MinRes and Arc Infrastructure said the train derailed early on Sunday morning, south of Norseman, as it was returning to the mine from Esperance.
Around 30 empty iron ore wagons derailed. The train comprised 106 wagons. There was damage to some of the wagons, but not MinRes' locomotives and no one was injured.
It was the second iron ore train to derail in Western Australia in just six days, following BHP's forced derailment last Monday.
MinRes said initial investigations into the incident indicated all safe train operating procedures were followed at all times, but a full investigation is underway.

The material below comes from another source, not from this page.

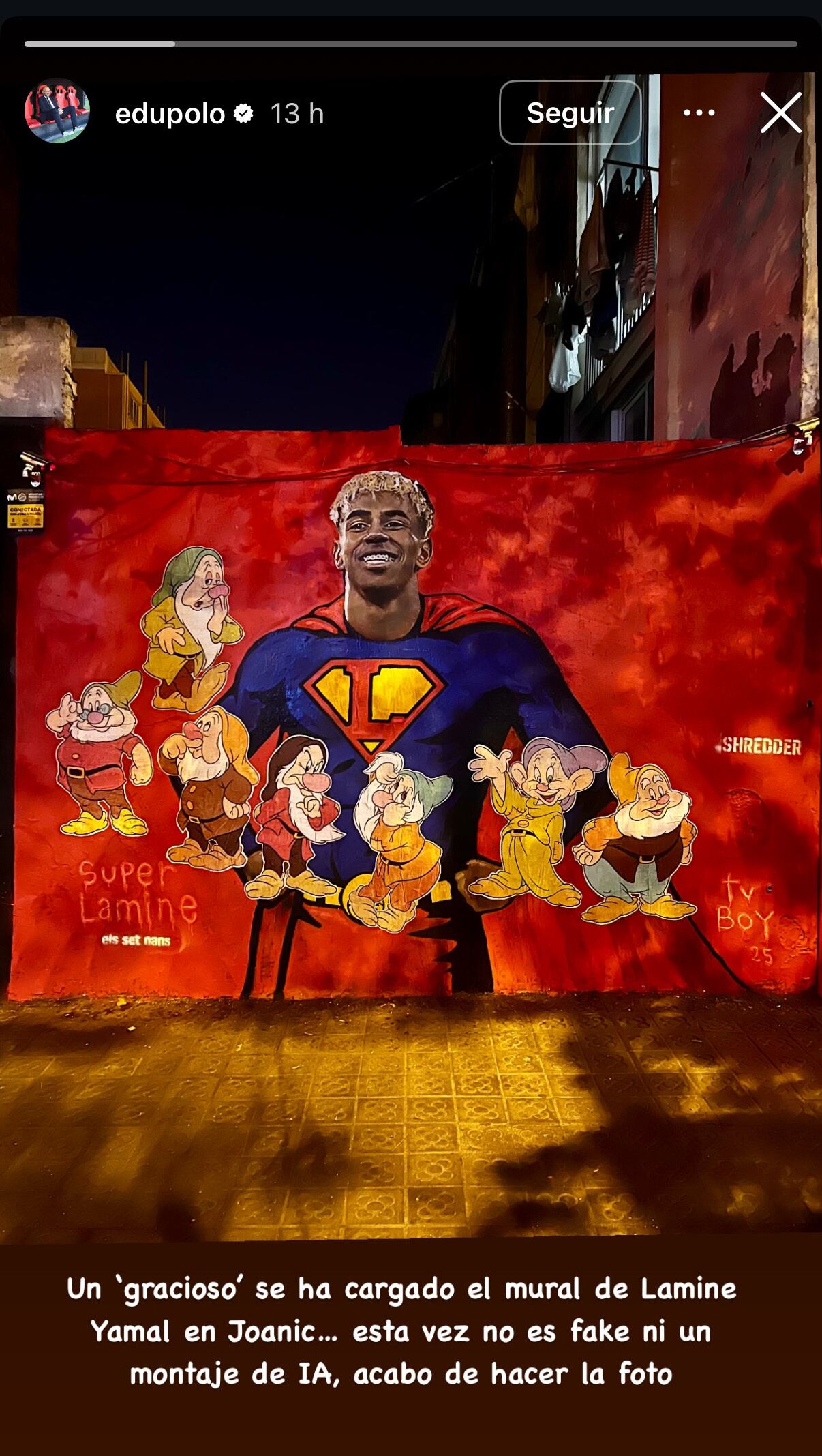 Captura de la cuenta de Instagram de Edu Polo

At this stage, it appears localised heavy rains and flash flooding washed out some ballast from under a small section of the track.
MinRes is working with Arc, the owner and operator of the track, to assess the damage and how long repairs will take, but it is expected to open within days. The company does not expect the incident to have a material impact on Koolyanobbing.
MinRes managing director Chris Ellison said haulage would be resumed once the company received confirmation the track was repaired.
"Most importantly, no one was injured," he said. "Mineral Resources continually reviews its operating procedures to ensure we maintain a safe work place and achieve our safety objectives."
The train left Koolyanobbing on November 7, carrying the maiden load of 7,488t of iron ore fines since MinRes acquired the mine from Cleveland-Cliffs three months ago.
The company will start stockpiling ore at the port ahead of the first shipment, expected within four weeks.
Koolyanobbing produced 92,000t of iron ore in the September quarter. MinRes expects the mine to produce 6-6.25 million tonnes of iron ore per annum.